Ethical Hacking News
A serious vulnerability has been identified in Microsoft's SharePoint platform, allowing attackers to inject arbitrary code into vulnerable versions. The US Cybersecurity and Infrastructure Security Agency (CISA) has added the deserialization vulnerability, tracked as CVE-2024-38094, to its Known Exploited Vulnerabilities Catalog, noting that it's "unknown" whether this security flaw is being used in any ransomware campaigns.
An arbitrary code deserialization vulnerability (CVE-2024-38094) has been identified in Microsoft SharePoint platform. The US CISA has listed this vulnerability in its Known Exploited Vulnerabilities Catalog, indicating a significant risk to affected systems. Authenticated attackers with Site Owner permissions can exploit this vulnerability to inject arbitrary code and execute it in the context of SharePoint Server. A proof-of-concept (POC) exploit has been made available, making it easy for attackers to spread malware or launch targeted attacks using this vulnerability. CISA strongly urges all organizations to prioritize timely remediation of CVEs listed in the catalog to minimize the risk of exploitation.

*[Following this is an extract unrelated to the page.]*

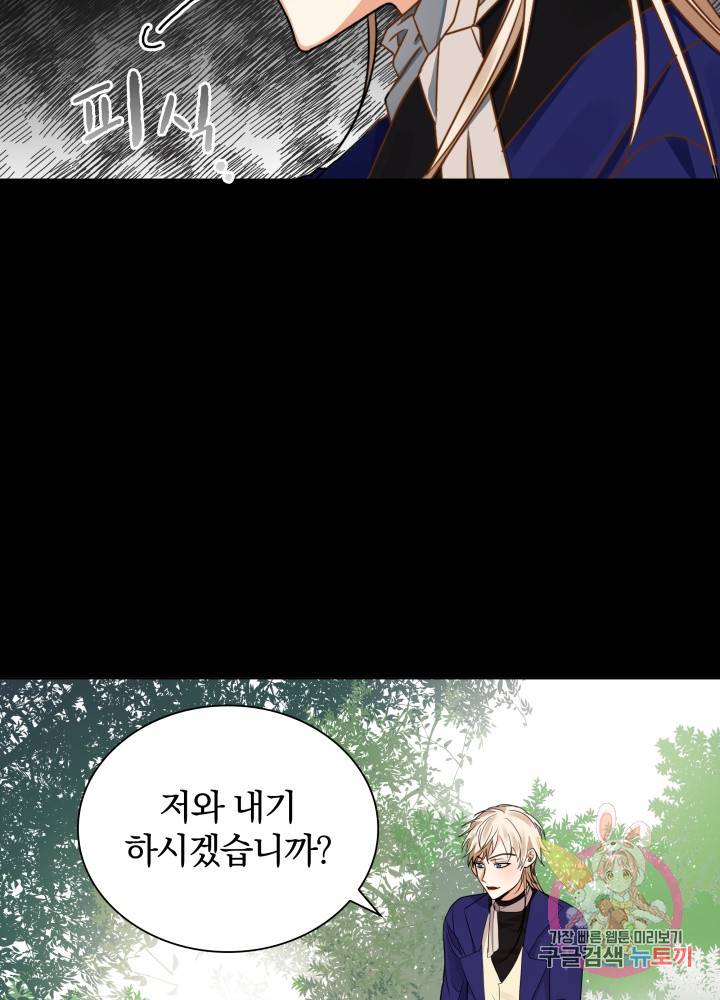 진홍의 카르마 62화 40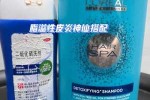 油性头屑适合什么洗发水,油性头发什么洗发水好用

Microsoft's SharePoint platform has been hit by a serious vulnerability, which allows an attacker to inject arbitrary code into vulnerable versions of the software. The US Cybersecurity and Infrastructure Security Agency (CISA) has added this deserialization vulnerability, tracked as CVE-2024-38094, to its Known Exploited Vulnerabilities Catalog, noting that it's "unknown" whether this security flaw is being used in any ransomware campaigns.
The vulnerability was originally patched by Microsoft during its July Patch Tuesday extravaganza, but the fact that exploitation is now more likely has raised concerns. The severity of the bug is rated 7.2 out of 10 on the Common Vulnerability Scoring System (CVSS), indicating a significant risk to affected systems.
An authenticated attacker with Site Owner permissions can exploit this vulnerability to inject arbitrary code and execute it in the context of SharePoint Server, making it a serious concern for organizations that rely on the platform. The lack of information about who is abusing this flaw and for what nefarious purposes adds to the uncertainty surrounding the situation.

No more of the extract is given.